* [Problem to solve] Your copy of the entries below should hold exactly the lines from the one containing "घायल 1 जम्मू" to the one containing "Short sleeve crop top", inclusive, and no pictures.

* [Material shown]

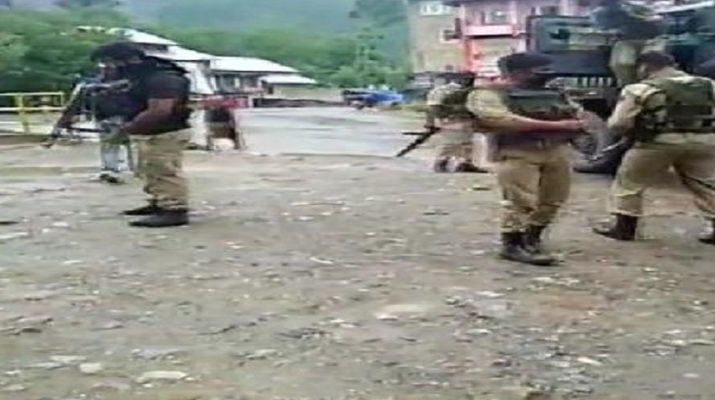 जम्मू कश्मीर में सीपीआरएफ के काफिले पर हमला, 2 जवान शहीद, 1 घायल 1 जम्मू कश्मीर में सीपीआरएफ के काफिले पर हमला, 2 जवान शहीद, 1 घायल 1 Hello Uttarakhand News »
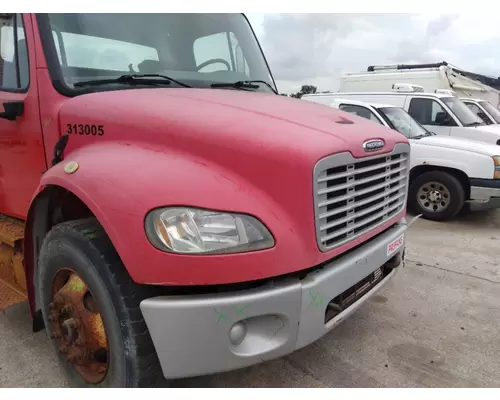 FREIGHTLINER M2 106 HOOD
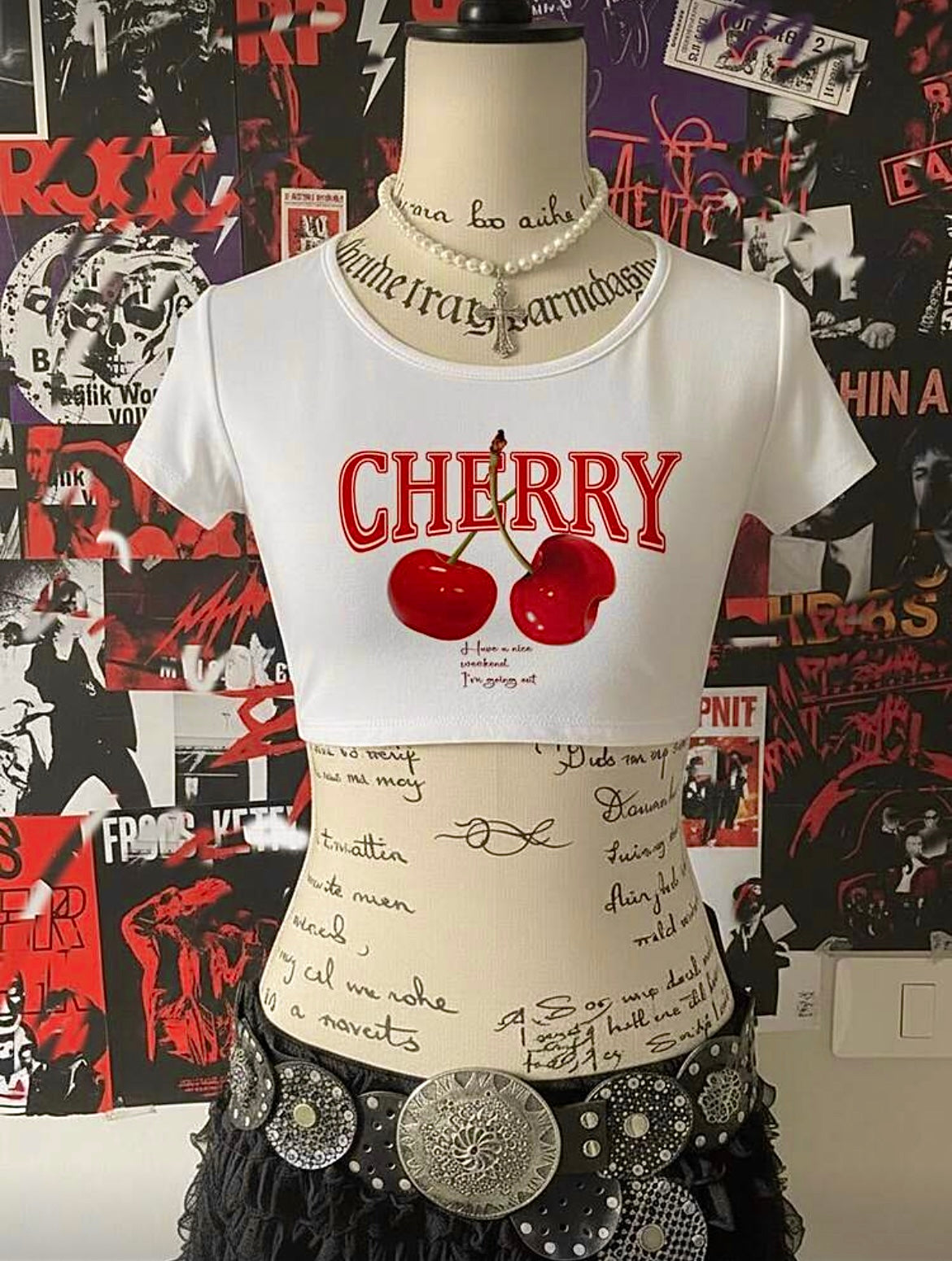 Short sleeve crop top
...
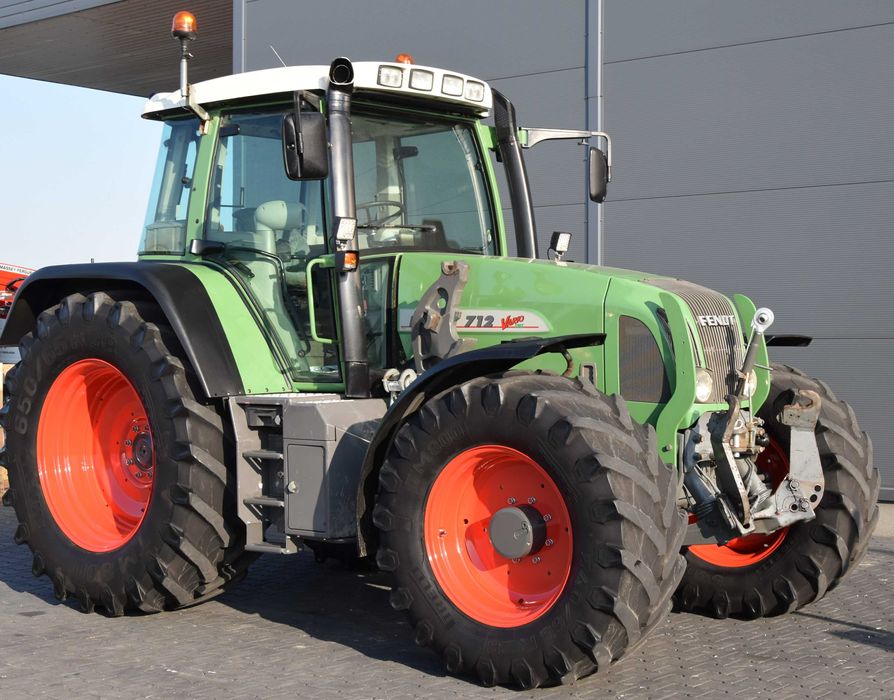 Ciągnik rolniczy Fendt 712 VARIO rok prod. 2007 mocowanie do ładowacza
* * *
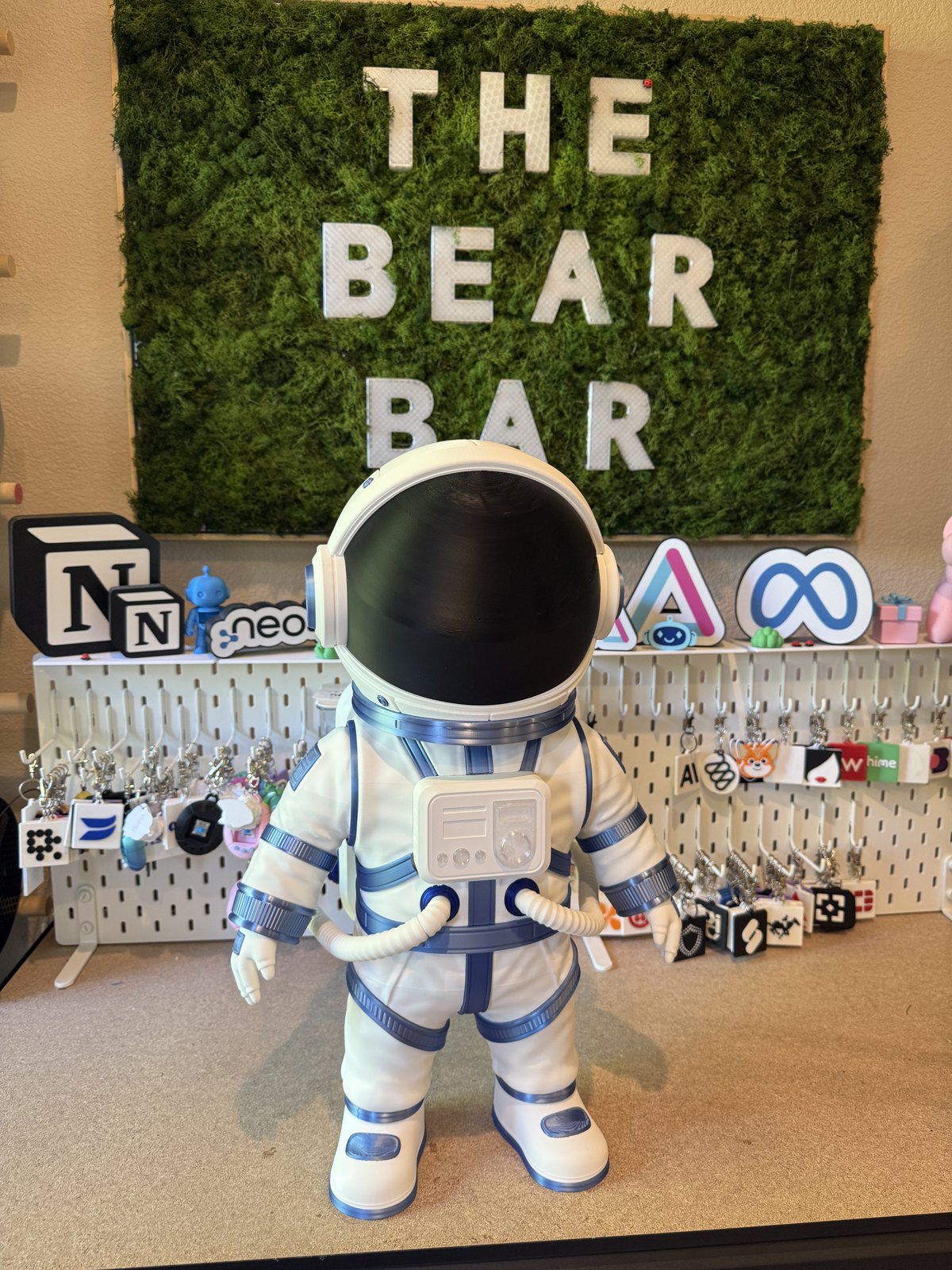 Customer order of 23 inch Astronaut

* [Task answer]
 जम्मू कश्मीर में सीपीआरएफ के काफिले पर हमला, 2 जवान शहीद, 1 घायल 1 जम्मू कश्मीर में सीपीआरएफ के काफिले पर हमला, 2 जवान शहीद, 1 घायल 1 Hello Uttarakhand News »
 FREIGHTLINER M2 106 HOOD
 Short sleeve crop top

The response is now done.